[Chicago-talk] Regular expression discussion.

Thu Feb 3 07:44:39 PST 2011

On Wed, 02 Feb 2011 08:55:36 -0500 (EST) Richard Reina <richard at rushlogistics.com> wrote: 

RR> Tired of shoveling snow. Well sit right down and lets have a regex
RR> discussion. I have a perl script that at the moment just uses grep to
RR> look though text files that have been converted from pdf2text to see
RR> what sort of documents they are.  What I am finding however is that a
RR> lot of searches fail by just a few characters.
RR> For example, if I am looking for "This first document is a contract between" the text string in the file might look like this 
RR> "This tirst document is a coniract betweeo" and the grep search
RR> fails.
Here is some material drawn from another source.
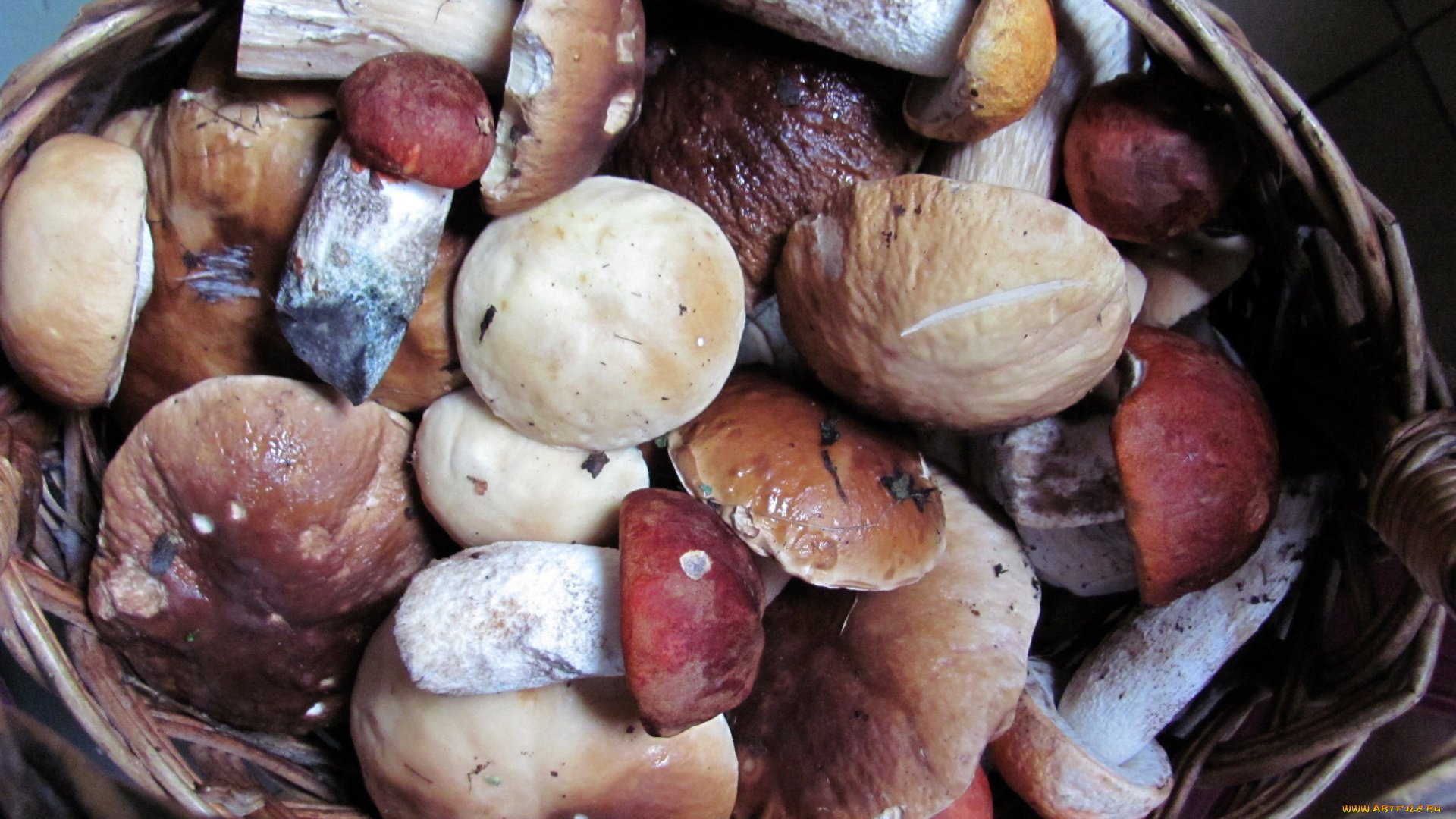 еда, грибы, , грибные, блюда, лесные, боровики, подосиновики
However, as you can see these two statements are 93% alike.  Is
RR> there a way with perl regular expressions to match strings that are
RR> say 90, 95 or 98% alike?

Definitely not with regular expressions.  This is usually called the
string distance; I first learned it in the context of Hamming codes but
there it's only used for substitutions.  String distance turns out a lot
in bioinformatics as well, so there's plenty of research out there.

I would start with String::Approx as Warren suggested and it's the one
I've used, but also see

String::KeyboardDistance (which can do QWERTY and Dvorak US layouts, and
seems most appropriate to what you're describing);

http://www.perlmonks.org/?node_id=245428

... which suggests Text::Levenshtein and String::Trigram as well.

Ted